ECE2014 Poster Presentations Adrenal cortex (56 abstracts)
William Harvey Research Institute, Center for Endocrinology, QMUL, London, UK.
Familial glucocorticoid deficiency (FGD) results from the inability of the adrenal cortex to produce cortisol in response to ACTH stimulation and can be fatal if unrecognised. The disease manifests clinically with increased ACTH and reduced cortisol levels. Our group has recently demonstrated that oxidative stress is implicated in the pathogenesis of this disorder.
We previously identified mutations in nicotinamide nucleotide transhydrogenase (NNT) in patients with FGD by targeted exome sequencing. NNT supplies the high concentrations of NADPH needed for the glutathione and thioredoxin pathways to detoxify mitochondrial H2O2. Recently whole exome sequencing of FGD patients with unknown aetiology identified a novel homozygous mutation in the mitochondrial selenoprotein, thioredoxin reductase 2 (TXNRD2) in a large consanguineous kindred, and two further homozygous mutations in glutathione peroxidase 1 (GPX) and peroxiredoxin 3 (PRDX3) in one individual that may act synergistically to induce oxidative damage. RT-PCR revealed that NNT, GPX1, PRDX3 and TXNRD2 are highly expressed in human adrenals and knockdown of these genes in adrenocortical cell lines causes perturbation of redox homeostasis.

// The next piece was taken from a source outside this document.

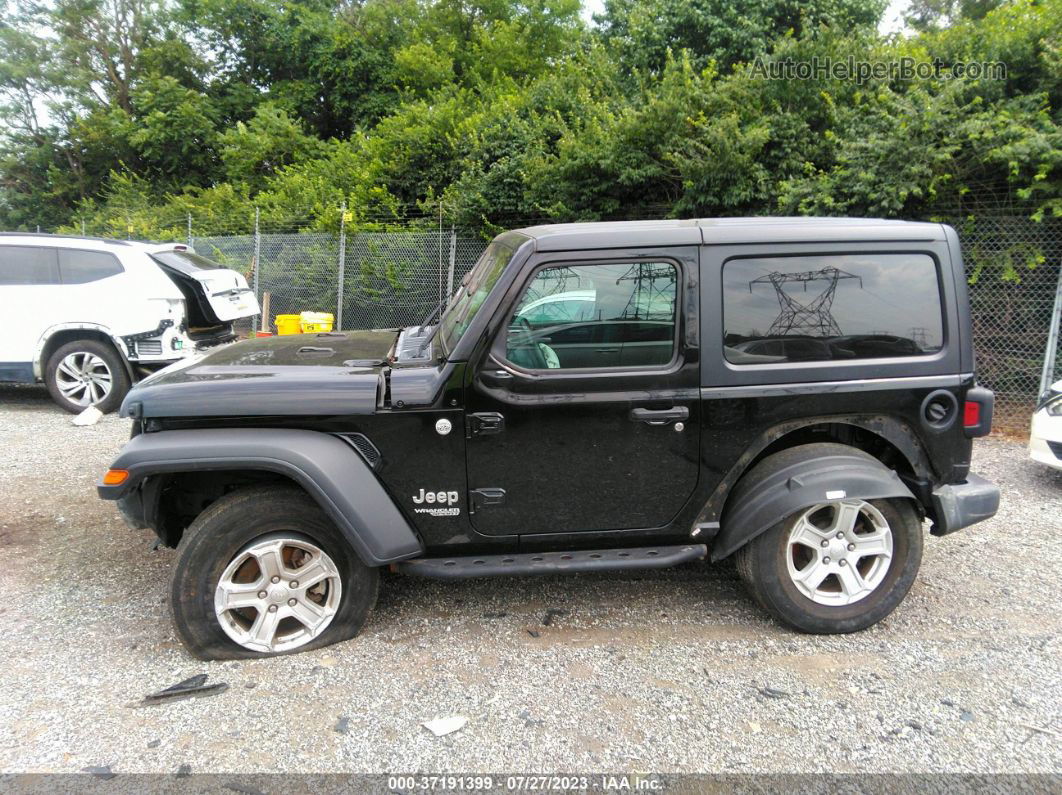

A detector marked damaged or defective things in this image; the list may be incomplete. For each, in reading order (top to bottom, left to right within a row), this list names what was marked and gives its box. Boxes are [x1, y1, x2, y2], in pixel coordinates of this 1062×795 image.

damaged white suv [0, 233, 262, 414]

Oxidative stress impedes steroidogenesis but paradoxically steroidogenesis itself induces oxidative stress as a result of electron leak throughout the steroidogenic pathway. In fact the final step of cortisol production, catalysed by CYP11B1 within the mitochondria, accounts for ~40% of the total electron flow from NAPDH directed at ROS production during cortisol synthesis. An efficient ROS removal network is therefore of particular importance for the adrenal cortex and may explain why FGD patients with TXNRD2, NNT, GPX1 and PRDX3 mutations present with adrenal insufficiency. Our results suggest that both glutathione and thioredoxin antioxidant systems are critical for ROS detoxification in adrenocortical cells, with their loss leading to defective oxidative stress responses, an impairment of steroidogenesis and hence adrenal insensitivity to ACTH.